Photos by Erin Toohey Naso and Elaine T. Cicora
Edited by Shara Bohach
What’s the best way to beat the January blahs? Head to a Les Dames d’Escoffier meeting for delicious food, spirited beverages and lively and interesting culinary conversation!
On a cold Tuesday evening, two dozen Dames brought their potluck courses and curiosity to the Hildebrandt Building – a former historic meat processing plant in the Clark Fulton neighborhood. Organized by Paula Hershman from Storehouse Tea (and tenant of the Hildebrandt), Dames got an up close and personal tour of the iconic building that is now home to artists and food entrepreneurs.
The Dames nestled into the community kitchen for presentations from three of our own business owners, Laura Adiletta, Shara Bohach, Paula Hershman and non-Dame (but Hildebrandt tenant) Molly Murray.
Laura Adiletta kicked off the spirited business presentations with her just-launched Farm Fare – a mobile marketplace for local foods and business management software for food hubs and small to mid-sized farms.
The online and app service aims to move agricultural product from farms to restaurants and retail stores through a logistic system that is cost effective and efficient.
Realizing that farmers spent nearly 40% of their time in deliveries, Laura and her team are looking to reinvent the supply chain by centralizing the product and streamlining the delivery process to allow farmers more time to do what they do best – farm!
Farm Fare takes sales through its online store and manages delivery, dispatching and loading for wholesale buyers and food hubs such as the Oberlin Food Hub.
Laura candidly shared the start-up’s trials and tribulations with a consistent eye and positive spirit on the future of her business.
Shara Bohach of Unity Design shared her thoughts on best practices for business branding. Derived from more than 17 years experience in designing logos and identity systems for clients in the culinary, health and beauty, medical and technology industries, Shara emphasized consistency is key in presenting and maintaining a brand.
Well beyond the typography and colors of a logo, an on-point brand is also reflected in how a company and its employees conduct itself.
Shara believes integral to building a brand is understanding the audience. She encouraged budding entrepreneurs and seasoned owners to understand what motivates the target market and tailor the message, while staying true to the brand promise.
Noting Starbucks and Whole Foods as examples of an integrated brand, she challenged Dames to determine what a brand should feel like – the promise, the name, the spirit – all being driving forces to the bottom line of a top of mind and trusted brand.
Along with her wisdom, Shara and Paula Hershman shared the identity system and gorgeous packaging of Storehouse Tea – which were designed by Unity Design.
Demonstrating a brand in action, Paula explained her company is as much about sourcing and hand-blending Certified Organic and Fair Trade teas and ingredients as it is about empowering women refugees to chart a path to creating a better life in America. The company employs refugee women from Rwanda and Iran to hand blend and produce the tea offerings and is committed to growing the company by staying committed to this same cause.
Storehouse Tea can be found in area restaurants, online, coffee shops, organic and health food stores, private label and in crates from specialty gift providers.
Molly Murray concluded the business presentations with her tour of the Wake Robin processing facility in the basement of the Hildebrandt. Wake Robin produces live, naturally cultured vegetables made in small batches using lacto-fermentation – or no heat preservation technique. Started with her father, the company is built on a triple bottom line concept: community, planet and profit.

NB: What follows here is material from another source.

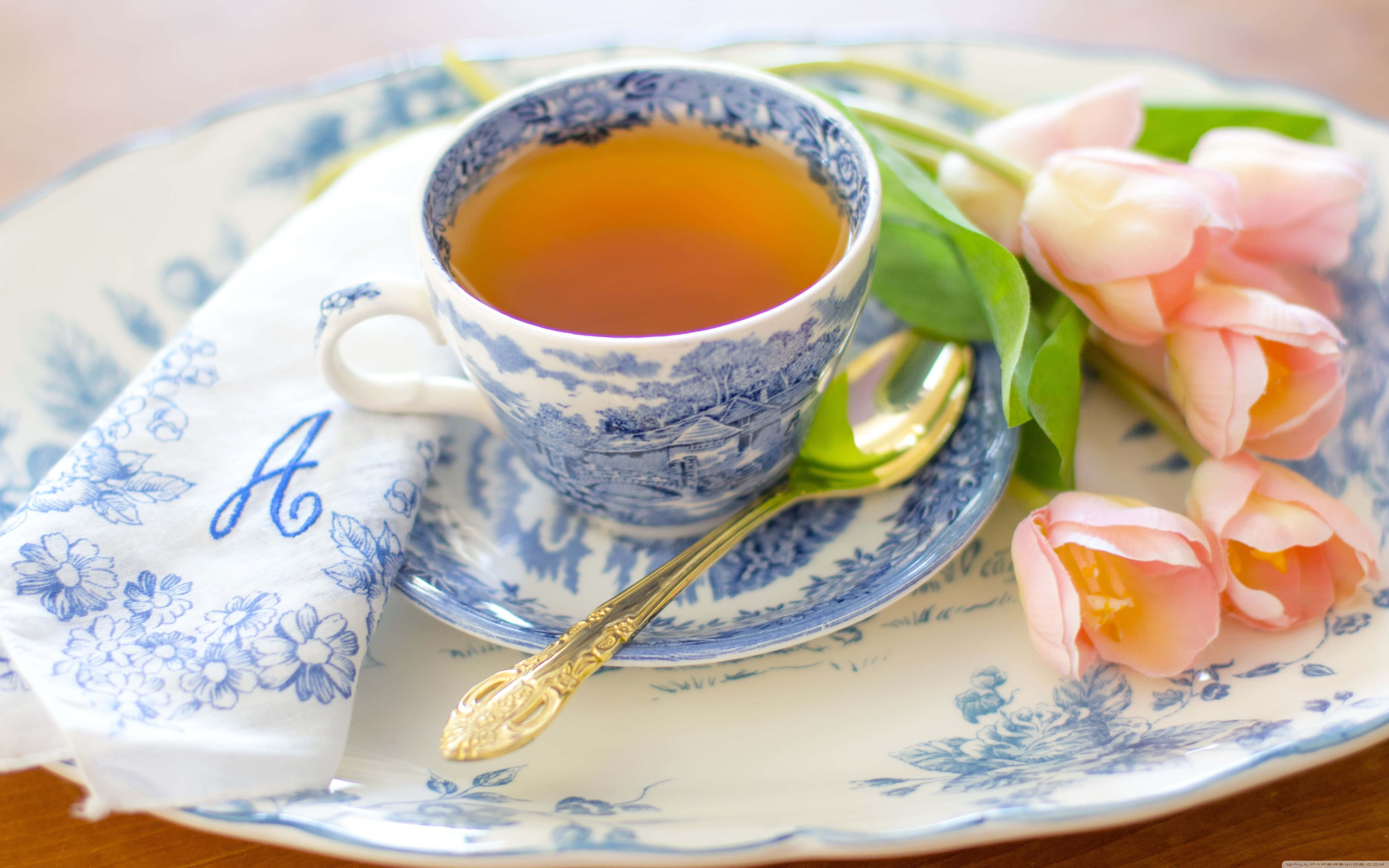 柳枝茶具茶杯圖 壁紙 — 一個精緻的青花瓷茶杯盛滿琥珀色茶，放在配套的茶碟上，旁邊有柔和的粉紅色鬱金香和一把金匙。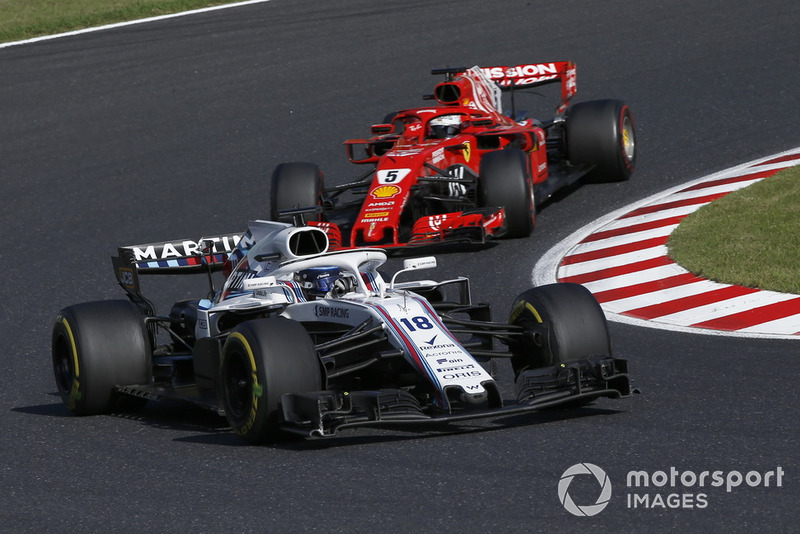 Lance Stroll, Williams FW41 y Sebastian Vettel, Ferrari SF71H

That means livable wages for employees, zero waste through composting and recycling and efficient manufacturing techniques to provide consumers with a high-quality product at an affordable price all while keeping the business profitable.
Wake Robin produces nine products with five being flagship and four rotating offerings. Contracting with local farmers, Wake Robin hand processes organic cabbage, carrots, turnips, daikon and beets from Northeast Ohio farms and non-organic cucumbers and apples.
These fermented and probiotic products include Sauerkraut, Kickin Kimchi, Carrot Escabeche, Ruby Ruben, Garlicky Dill Cucumber Chips along with other seasonal flavors. Fermented products are growing in popularity as they provide access to fresh vegetables through the year delivering probiotic properties to allow the body to absorb nutrients better.
Wake Robin products are available for purchase at the West Side Market, Krieger’s, Mustard Seed, Heinen’s and various small shops in Northeast Ohio.
A big thanks to the Dames who organized and shared their delicious potluck items with the dynamic group.
Delicious loose leaf Certified Organic and Fair Trade flavors offered
by Storehouse Tea. Branding and packaging design by Unity Design.
Feasting in the community kitchen on potluck dishes.
Laura Adiletta from Farm Fare talks about the vision for the company.
Molly Murray from Wake Robin explains the impetus, business
model and other background on the father-daughter company.
Wake Robin deliciousness undergoing lacto-fermentation.